Pictures with short captions:
======

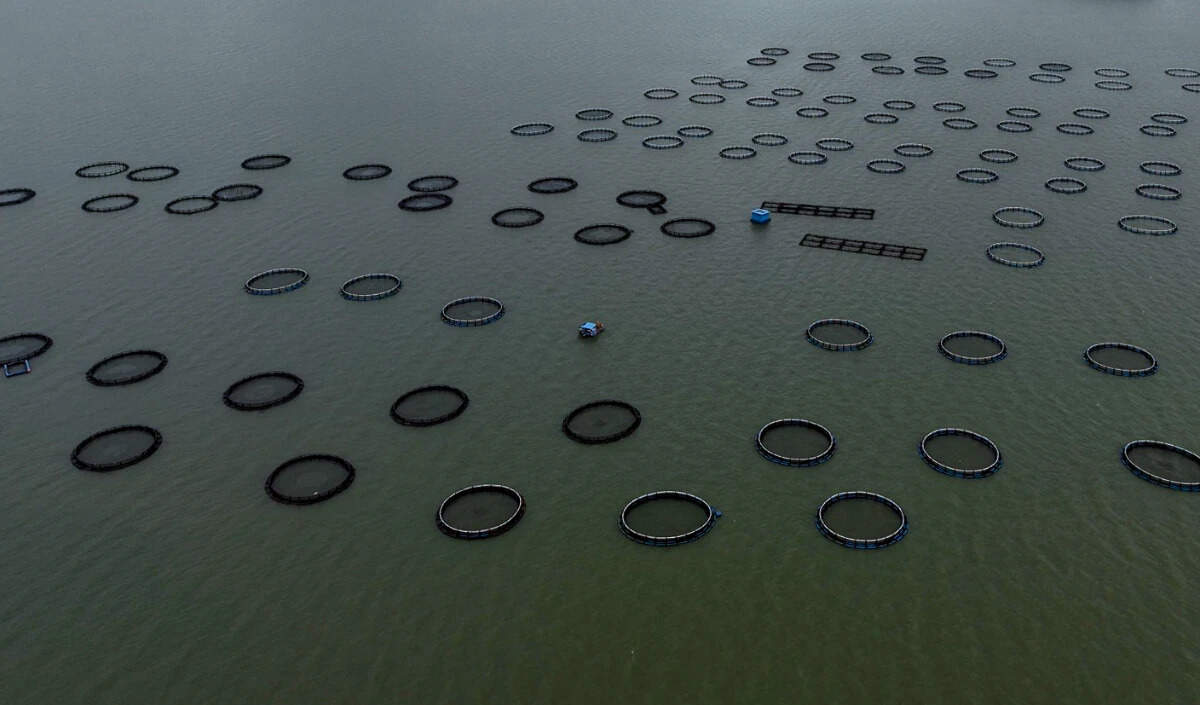 रूस भारत में मछली पालन इकाइयों को मंजूरी देने की तैयारी में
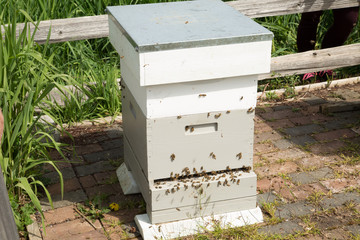 White beehive with bees on the front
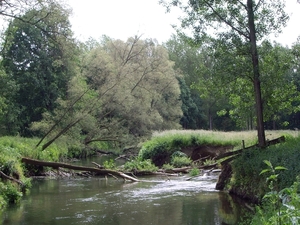 den bunt 029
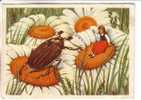 GOOD RUSSIA POSTCARD 1956 - Beetle & Girl - Insekten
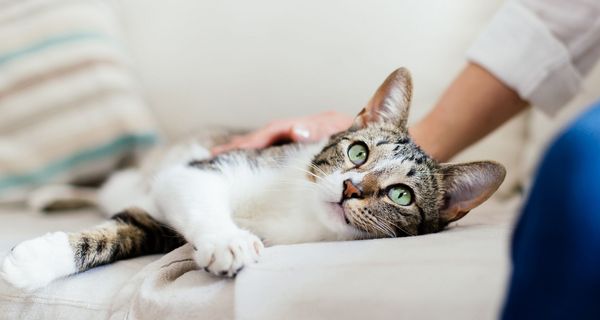 Katze, wird von einer Frau gestreichelt.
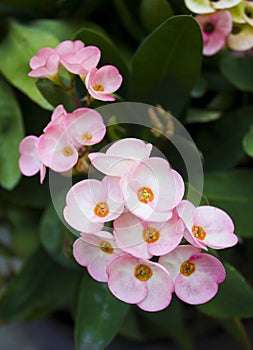 Euphorbia milli Desmoul flowers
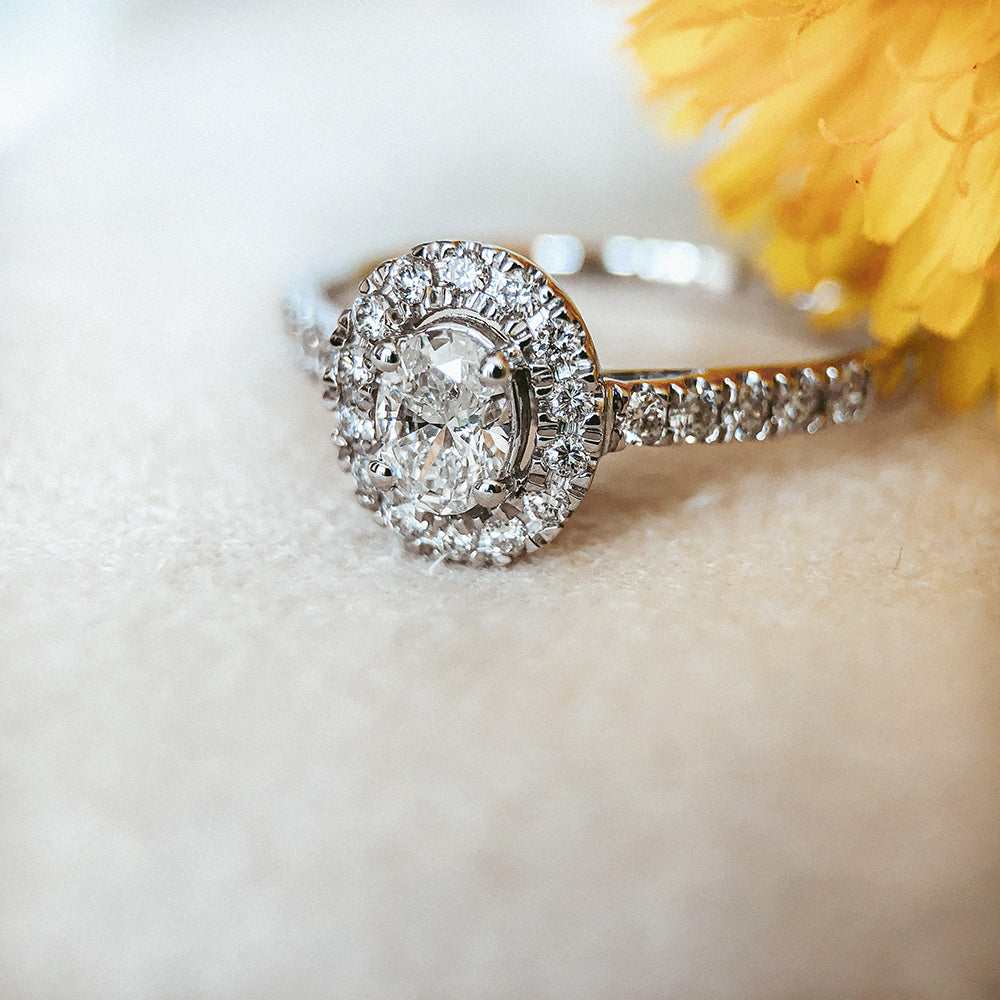 Ring Rosie 0,50 crt. witgoud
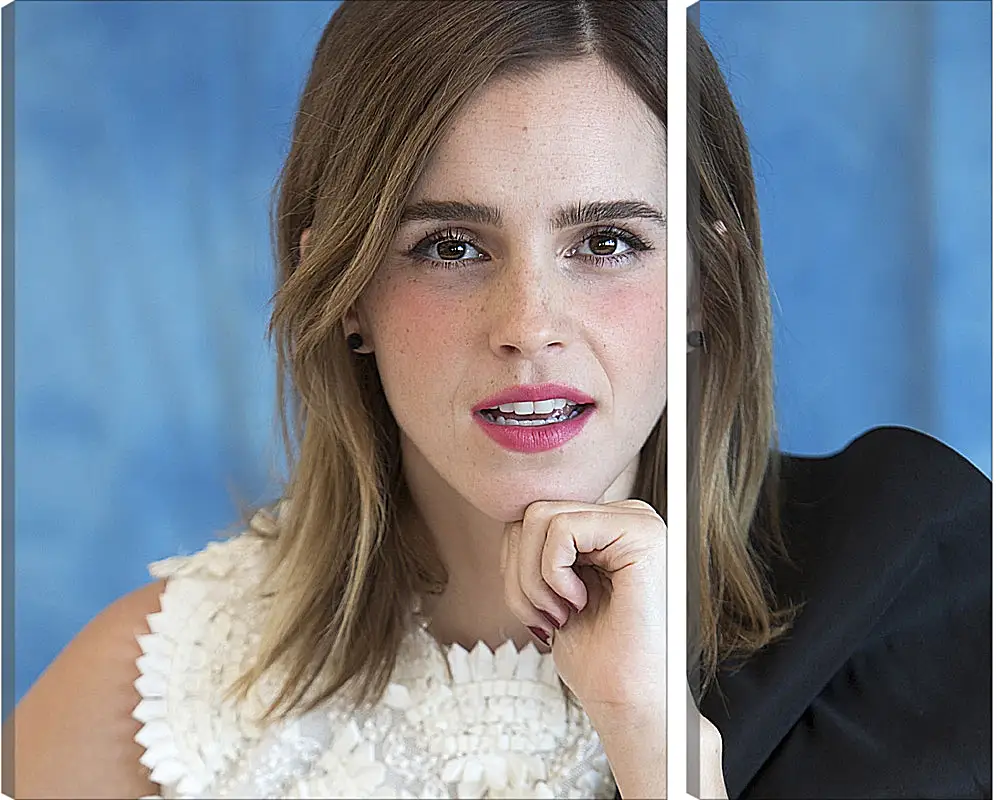 Модульная картина - Эмма Уотсон. Emma Watson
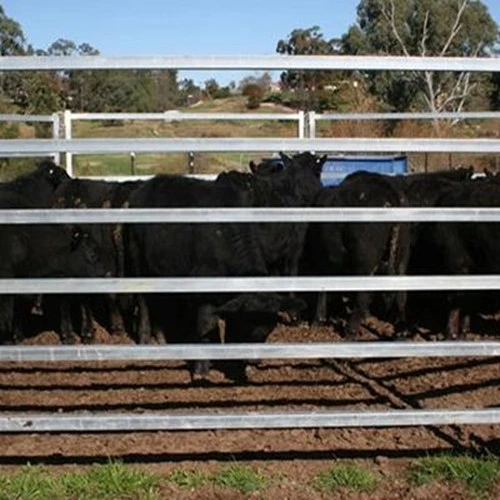 Gestation-with Front Door Farrowing Crates for Pigs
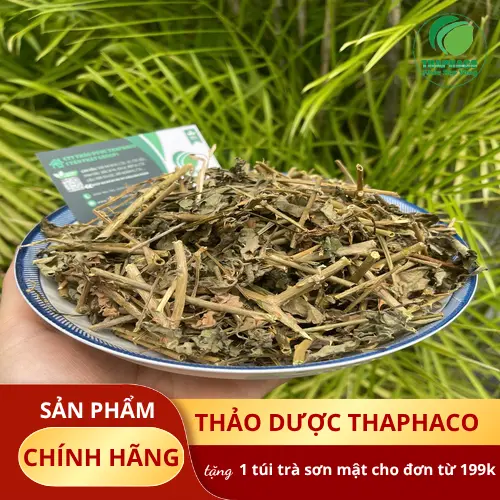 Quy trình sơ chế cà gai leo sạch tại THAPHACO
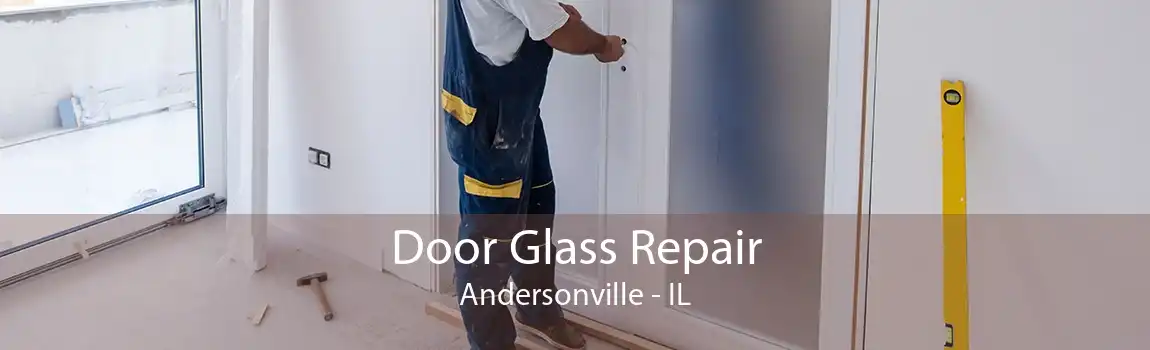 Door Glass Repair Andersonville - IL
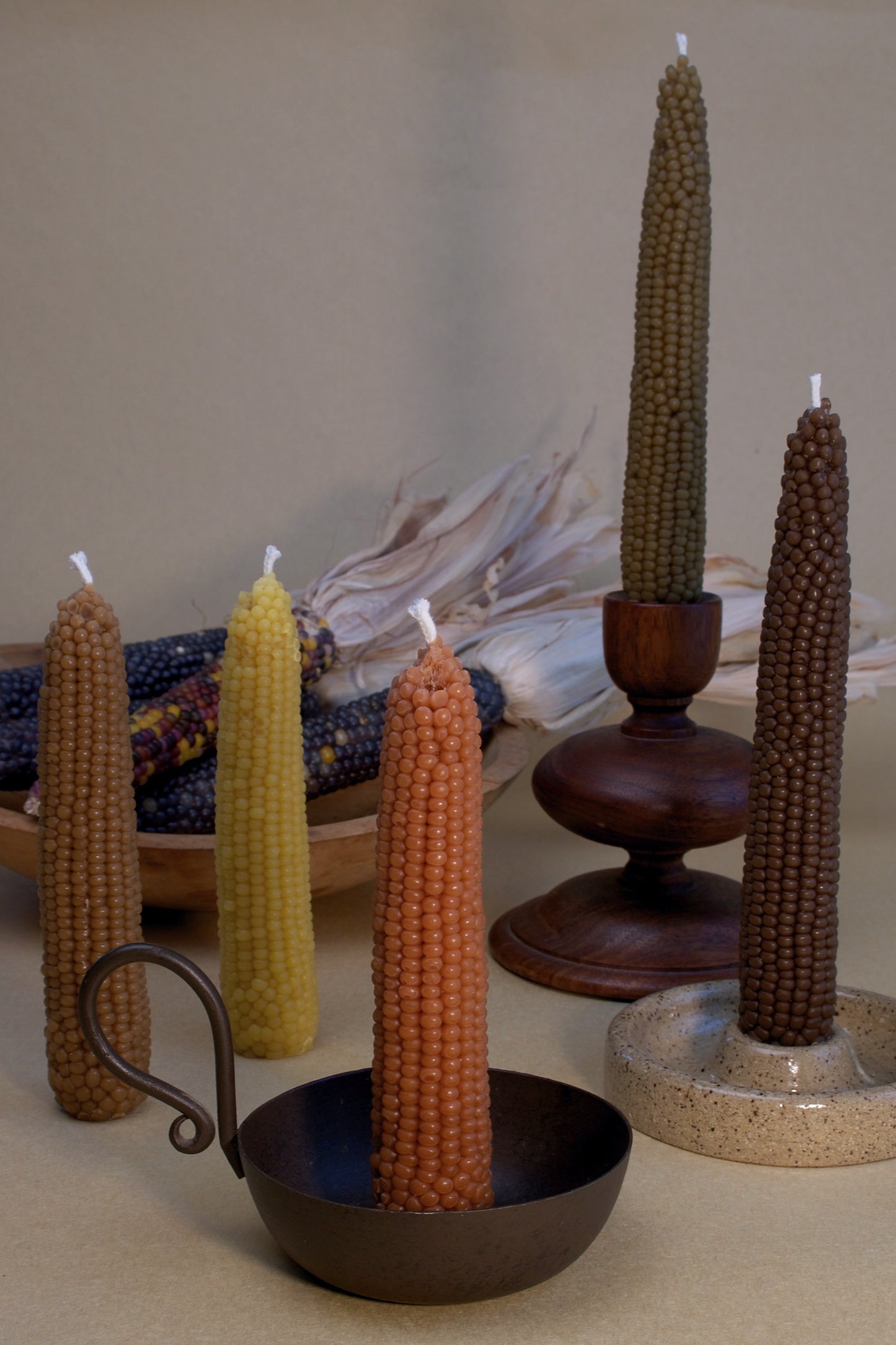Mini Indian Corn Cob Box Set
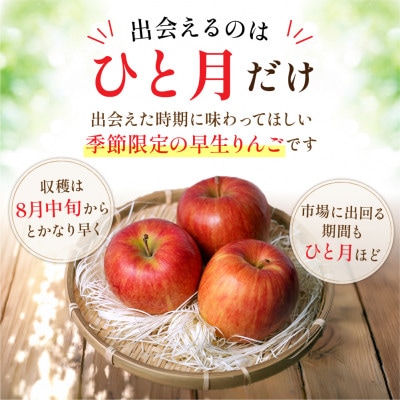 青森りんご 8～9月発送 訳あり サンつがる 約5kg 平均糖度12度以上! クール便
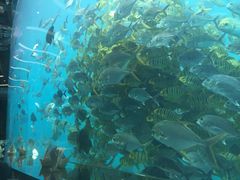 -瑞德姆美人鱼海底演艺主题餐厅(亚龙湾店)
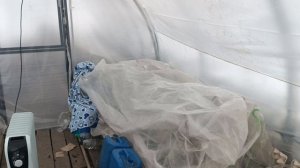 Первая  рассада в теплице без обогрева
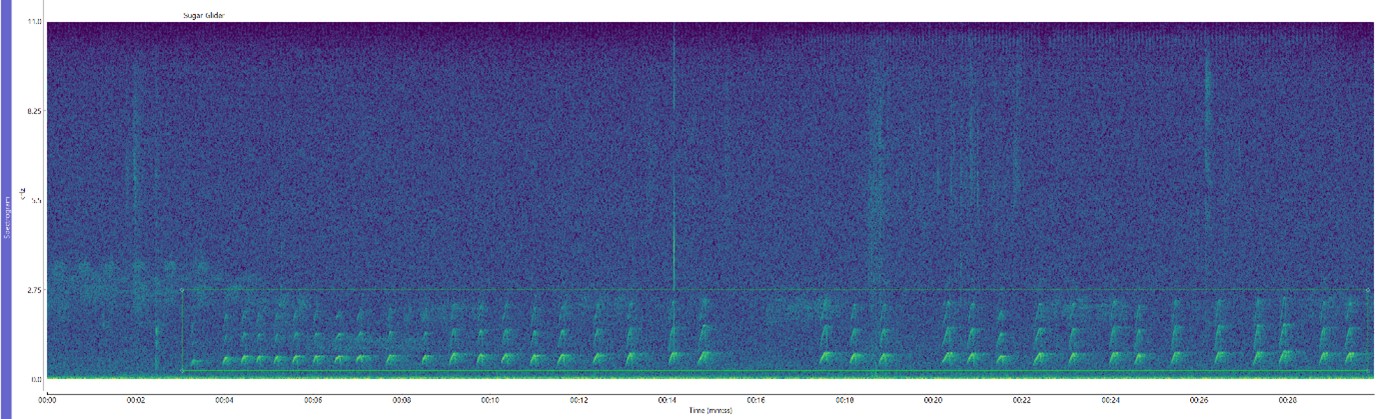 Sugar Glider spectrogram image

======

**WHAT YOU NEED TO DO**. If an entry holds a picture, leave the picture out and repeat the rest exactly.

**RESPONSE TO THIS EXERCISE**.
 रूस भारत में मछली पालन इकाइयों को मंजूरी देने की तैयारी में
 White beehive with bees on the front
 den bunt 029
 GOOD RUSSIA POSTCARD 1956 - Beetle & Girl - Insekten
 Katze, wird von einer Frau gestreichelt.
 Euphorbia milli Desmoul flowers
 Ring Rosie 0,50 crt. witgoud
 Модульная картина - Эмма Уотсон. Emma Watson
 Gestation-with Front Door Farrowing Crates for Pigs
 Quy trình sơ chế cà gai leo sạch tại THAPHACO
 Door Glass Repair Andersonville - IL
Mini Indian Corn Cob Box Set
 青森りんご 8～9月発送 訳あり サンつがる 約5kg 平均糖度12度以上! クール便
 -瑞德姆美人鱼海底演艺主题餐厅(亚龙湾店)
 Первая  рассада в теплице без обогрева
 Sugar Glider spectrogram image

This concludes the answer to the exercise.